Un giovane di nome Nicola, orfano di una famiglia molto ricca, venne portato
in un monastero per essere educato da prete. Il giovane vi trascorse la
giovinezza e quando uscì divenne vescovo di Mira... donò tutte le sue
ricchezze ai poveri e da allora dedicò la sua vita ad aiutare il prossimo.
Si diceva che fosse in grado di compiere miracoli e portasse sempre in salvo
le imbarcazioni che si perdevano nelle tempeste.
Intorno a lui nacquero così tante leggende... che giunsero fino alle
orecchie dell'imperatore russo Vladimir, recatosi a Costantinopoli per
ricevere il battesimo. L'incredibile fama di Nicola, divenuto intanto Santo,
si diffuse presto per terre e per mari tanto che un gruppo di cavalieri
italiani, nel 1087, trafugò le sue spoglie per portarle a Bari. Lì gli fu
costruita una stupenda basilica che divenne poi luogo di pellegrinaggio per
i cristiani.

La leggenda più famosa sulla vita di questo santo - ricordata anche nel
Purgatorio di Dante (XX, 31-33) - è quella delle monete d'oro...Un nobiluomo
caduto in disgrazia si disperava per la sorte delle sue tre giovani figlie
per le quali non aveva una dote disponibile.
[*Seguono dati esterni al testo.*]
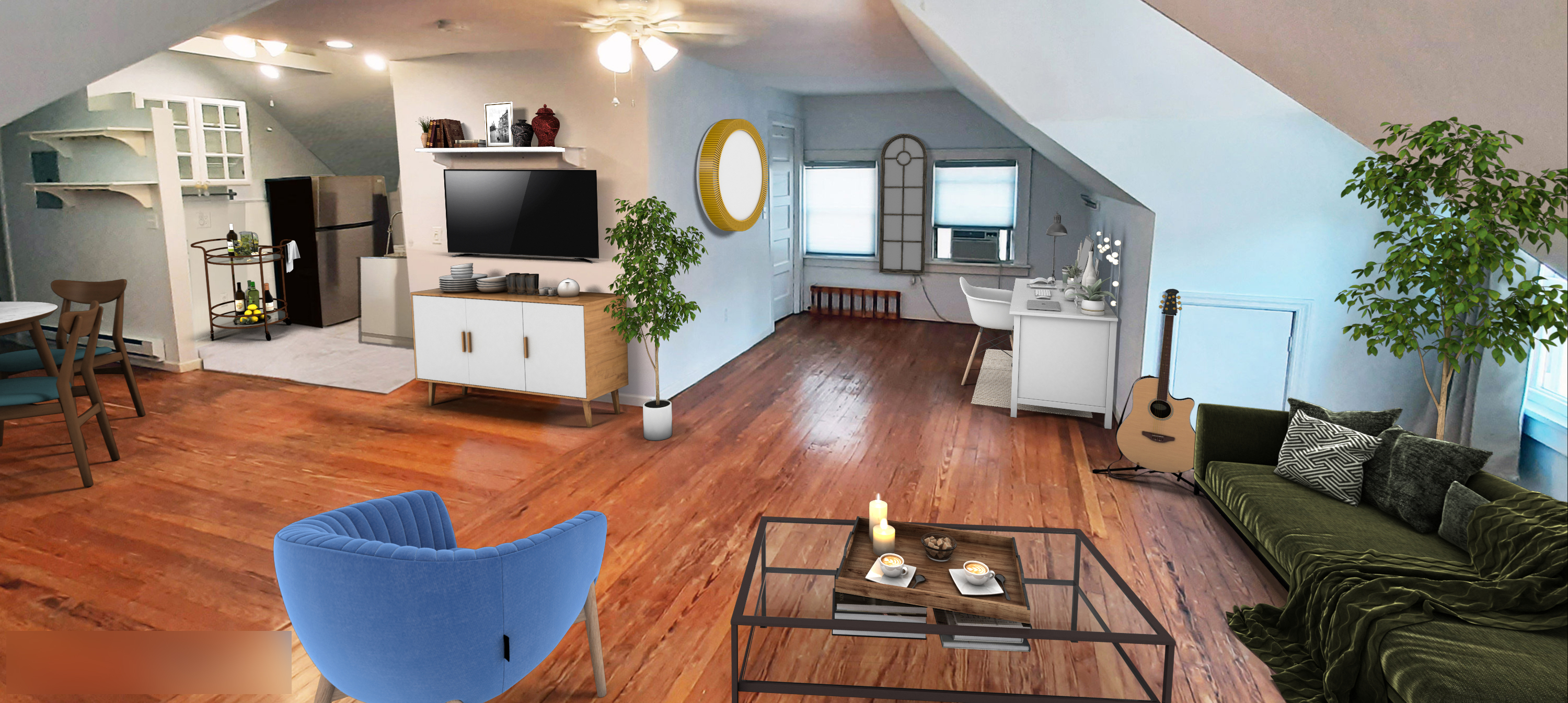 422 valley 3rd - Open Space 2 - STAGED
Nicola volle aiutare la
famiglia e, per tre notti consecutive, gettò dentro la finestra del loro
castello tre sacchi pieni di monete d'oro. La terza notte il padre, volendo
scoprire il misterioso benefattore, chiuse tutte le finestre e Nicola fu
costretto ad arrampicarsi sul tetto per calare le monete giù dal comignolo.
L'oro, cadendo, si infilò nelle calze delle fanciulle appese ad asciugare
vicino al camino e, da allora... è rimasta la tradizione di appendere calze
la notte di Natale per ritrovarle la mattina dopo colme di doni!
San Nicola si celebra il 6 Dicembre, quando il vecchio vescovo gira in
groppa ad un asinello per portare regali ai bambini che ancora credono in
lui.
San Nicola e Gesù
Bambino
Per tanti anni la notte dei doni venne identificata con il 5 Dicembre
fintanto che - durante la riforma protestante durante la quale le figure dei
Santi persero gran parte del fascino che esercitavano sulla gente - cominciò
a girare voce che a portare i regali la notte di Natale fosse invece il
Bambino Gesù...
Non si sa come siano andate esattamente le cose in seguito, ma da allora
prese piede la convinzione popolare che Gesù Bambino distribuisse i regali
grazie all'aiuto di un misterioso vecchietto vestito con abiti vescovili. In
alcuni paesi, ad esempio in Olanda e Germania, si dice addirittura che al
vecchio e al Bambino si siano uniti uno o più gnomi o folletti... vestiti di
pellicce e muniti di un grosso libro nero e di una frusta da usare per
punire i bambini che si sono comportati male durante l'anno!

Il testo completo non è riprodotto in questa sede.